W Europie nadal mamy do czynienia z licznymi niżami nad Skandynawią oraz północnym Atlantykiem i wyżami na pozostałym obszarze. Na razie ta sytuacja się nie zmieni. Mało tego – w weekend jeden z układów wysokiego ciśnienia zacznie rozbudowywać się nad Europą Środkową, a następnie powoli powinien przemieszczać się na wschód. Dla nas oznacza to sporo pogodnych i ciepłych, a czasami wręcz gorących dni. Najwcześniej pod koniec przyszłego tygodnia przedostaną się do nas na nowo fronty atmosferyczne, które mogłyby przynieść wzrost zachmurzenia, trochę deszczu i ochłodzenie.
Pogoda na dziś. Czwartek z zanikającymi opadami. Zrobi się chłodniej
W czwartek prognozujemy zarówno chwile z rozpogodzeniami, jak i chmurami. Przelotne opady deszczu wystąpią na północy, wschodzie i południu, ale głównie w pierwszej części dnia. Po południu powinny mieć one tendencję do zanikania.
Ochłodzi się – maksymalnie odnotujemy od 16 st. C na Kaszubach do 20-21 st. C, na południu i południowym wschodzie. Dodatkowo odczucie zimna, przede wszystkim w pasie od Pomorza po Podlasie, spotęguje silniejszy wiatr, w porywach nad samym morzem do 65 km/h.
Zimna będzie również noc z czwartku na piątek. W związku z rozpogodzeniami, ciepło szybko wypromieniuje i na przeważającym obszarze kraju słupki rtęci spadną do 6-10 st. C., a w kotlinach górskich do zaledwie 4-5 st. C.
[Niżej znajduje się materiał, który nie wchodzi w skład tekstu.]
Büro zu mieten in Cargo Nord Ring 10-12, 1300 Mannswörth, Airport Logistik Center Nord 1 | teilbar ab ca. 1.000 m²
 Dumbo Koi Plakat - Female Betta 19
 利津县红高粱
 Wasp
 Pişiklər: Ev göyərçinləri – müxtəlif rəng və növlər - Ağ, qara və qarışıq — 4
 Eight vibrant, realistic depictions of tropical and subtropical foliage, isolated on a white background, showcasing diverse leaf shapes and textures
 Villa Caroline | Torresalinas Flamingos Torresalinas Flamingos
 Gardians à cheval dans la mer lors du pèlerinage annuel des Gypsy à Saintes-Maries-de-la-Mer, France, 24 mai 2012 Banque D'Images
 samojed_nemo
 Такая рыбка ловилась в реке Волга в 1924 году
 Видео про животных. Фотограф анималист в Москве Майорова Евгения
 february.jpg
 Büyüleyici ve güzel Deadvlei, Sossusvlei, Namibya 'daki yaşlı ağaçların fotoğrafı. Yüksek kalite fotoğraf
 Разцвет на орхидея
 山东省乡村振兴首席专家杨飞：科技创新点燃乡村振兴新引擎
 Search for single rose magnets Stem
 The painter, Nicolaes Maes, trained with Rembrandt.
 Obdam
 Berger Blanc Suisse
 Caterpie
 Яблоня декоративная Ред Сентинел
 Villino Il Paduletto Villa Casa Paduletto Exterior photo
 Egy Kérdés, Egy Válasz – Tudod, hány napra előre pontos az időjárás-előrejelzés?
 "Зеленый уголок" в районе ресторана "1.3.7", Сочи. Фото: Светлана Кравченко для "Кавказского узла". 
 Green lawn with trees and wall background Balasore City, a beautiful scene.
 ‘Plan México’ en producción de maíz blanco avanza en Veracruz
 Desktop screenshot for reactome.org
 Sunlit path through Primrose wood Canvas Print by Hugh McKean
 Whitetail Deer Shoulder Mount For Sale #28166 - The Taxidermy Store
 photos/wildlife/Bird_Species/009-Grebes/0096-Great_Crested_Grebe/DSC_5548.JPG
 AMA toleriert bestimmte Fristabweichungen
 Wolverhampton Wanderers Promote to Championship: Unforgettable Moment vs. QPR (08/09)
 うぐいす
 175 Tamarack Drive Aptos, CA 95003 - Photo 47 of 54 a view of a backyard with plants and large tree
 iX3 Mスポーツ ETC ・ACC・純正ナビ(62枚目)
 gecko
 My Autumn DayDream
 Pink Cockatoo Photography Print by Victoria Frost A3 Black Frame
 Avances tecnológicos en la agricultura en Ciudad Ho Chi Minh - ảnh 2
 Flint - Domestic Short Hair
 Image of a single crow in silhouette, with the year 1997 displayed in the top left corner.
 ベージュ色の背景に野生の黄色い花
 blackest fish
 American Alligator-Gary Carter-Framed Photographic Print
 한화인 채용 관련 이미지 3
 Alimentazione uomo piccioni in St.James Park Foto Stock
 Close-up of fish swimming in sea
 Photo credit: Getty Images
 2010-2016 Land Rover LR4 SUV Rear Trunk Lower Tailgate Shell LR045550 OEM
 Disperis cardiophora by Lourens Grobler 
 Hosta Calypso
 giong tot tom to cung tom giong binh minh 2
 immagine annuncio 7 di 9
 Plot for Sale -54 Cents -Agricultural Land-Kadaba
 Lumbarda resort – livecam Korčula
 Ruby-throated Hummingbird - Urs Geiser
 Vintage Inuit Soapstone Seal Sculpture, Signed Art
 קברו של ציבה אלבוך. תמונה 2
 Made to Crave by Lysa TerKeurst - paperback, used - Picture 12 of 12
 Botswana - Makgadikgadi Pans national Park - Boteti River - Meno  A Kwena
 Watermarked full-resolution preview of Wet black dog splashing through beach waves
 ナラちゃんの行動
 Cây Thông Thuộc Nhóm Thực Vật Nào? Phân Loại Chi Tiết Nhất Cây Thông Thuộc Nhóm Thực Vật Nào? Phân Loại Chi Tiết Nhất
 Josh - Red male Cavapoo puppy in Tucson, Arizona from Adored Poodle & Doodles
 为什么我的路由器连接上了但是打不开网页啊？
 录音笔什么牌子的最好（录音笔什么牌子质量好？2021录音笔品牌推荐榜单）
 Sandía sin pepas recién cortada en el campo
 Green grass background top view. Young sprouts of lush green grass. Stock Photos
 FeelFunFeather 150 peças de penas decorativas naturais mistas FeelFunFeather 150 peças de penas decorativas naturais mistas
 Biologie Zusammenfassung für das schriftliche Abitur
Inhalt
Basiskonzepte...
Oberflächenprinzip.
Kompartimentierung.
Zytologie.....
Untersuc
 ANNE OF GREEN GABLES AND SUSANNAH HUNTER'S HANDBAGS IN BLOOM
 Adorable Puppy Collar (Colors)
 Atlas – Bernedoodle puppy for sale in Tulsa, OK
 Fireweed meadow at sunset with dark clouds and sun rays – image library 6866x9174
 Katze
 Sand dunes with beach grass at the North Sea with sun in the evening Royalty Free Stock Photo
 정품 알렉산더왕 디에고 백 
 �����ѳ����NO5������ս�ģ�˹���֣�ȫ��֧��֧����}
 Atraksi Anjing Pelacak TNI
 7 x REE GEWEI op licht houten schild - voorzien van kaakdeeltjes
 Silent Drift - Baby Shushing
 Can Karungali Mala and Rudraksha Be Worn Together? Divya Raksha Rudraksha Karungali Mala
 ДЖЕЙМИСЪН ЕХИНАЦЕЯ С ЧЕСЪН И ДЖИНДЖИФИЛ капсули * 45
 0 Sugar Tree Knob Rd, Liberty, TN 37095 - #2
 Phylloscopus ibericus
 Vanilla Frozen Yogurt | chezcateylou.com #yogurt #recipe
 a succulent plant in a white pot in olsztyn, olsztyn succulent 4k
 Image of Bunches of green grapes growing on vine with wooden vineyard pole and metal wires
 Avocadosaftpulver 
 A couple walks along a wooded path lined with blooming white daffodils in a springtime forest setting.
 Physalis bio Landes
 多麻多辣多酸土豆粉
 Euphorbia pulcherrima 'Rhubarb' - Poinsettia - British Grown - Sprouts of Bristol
Pogoda. Od piątku coraz więcej słońca
Kolejne dni to postępująca poprawa pogody. Już w piątek w większości Polski sporo słońca i jedynie w górach i na północy istnieje pewne prawdopodobieństwo na przelotny i niewielki deszcz. Nieźle wyglądają również prognozy na weekend. Deszczu będzie bardzo mało, a za to nie zabraknie chwil ze słońcem, a co najważniejsze, temperatura powoli zacznie piąć się w górę.
W piątek na termometrach zobaczymy od 17-18 st. C na północy do 21-23 st. C na południu i południowym zachodzie. W sobotę od 20 st. C. nad samym morzem oraz na Suwalszczyźnie, 23-24 st. C w rejonie Warszawy, do 26-27 st. C na zachodzie i południu. W niedzielę od 19-21 st. C na północy do 25-27 st. C na Lubelszczyźnie, Podkarpaciu i w Małopolsce.
Wszystko wskazuje na to, że na tym się nie skończy i pierwsza połowa kolejnego tygodnia przyniesie kontynuację stabilnej aury, z dużą dawką słońca, bez opadów i z temperaturą w wielu miejscach przekraczającą w dzień 20-25 st. C. Zatem korzystajmy z tej pogody maksymalnie, bowiem prawdziwa jesień coraz bliżej i prędzej czy później nadejdą mgliste, zimne, pochmurne i mokre dni.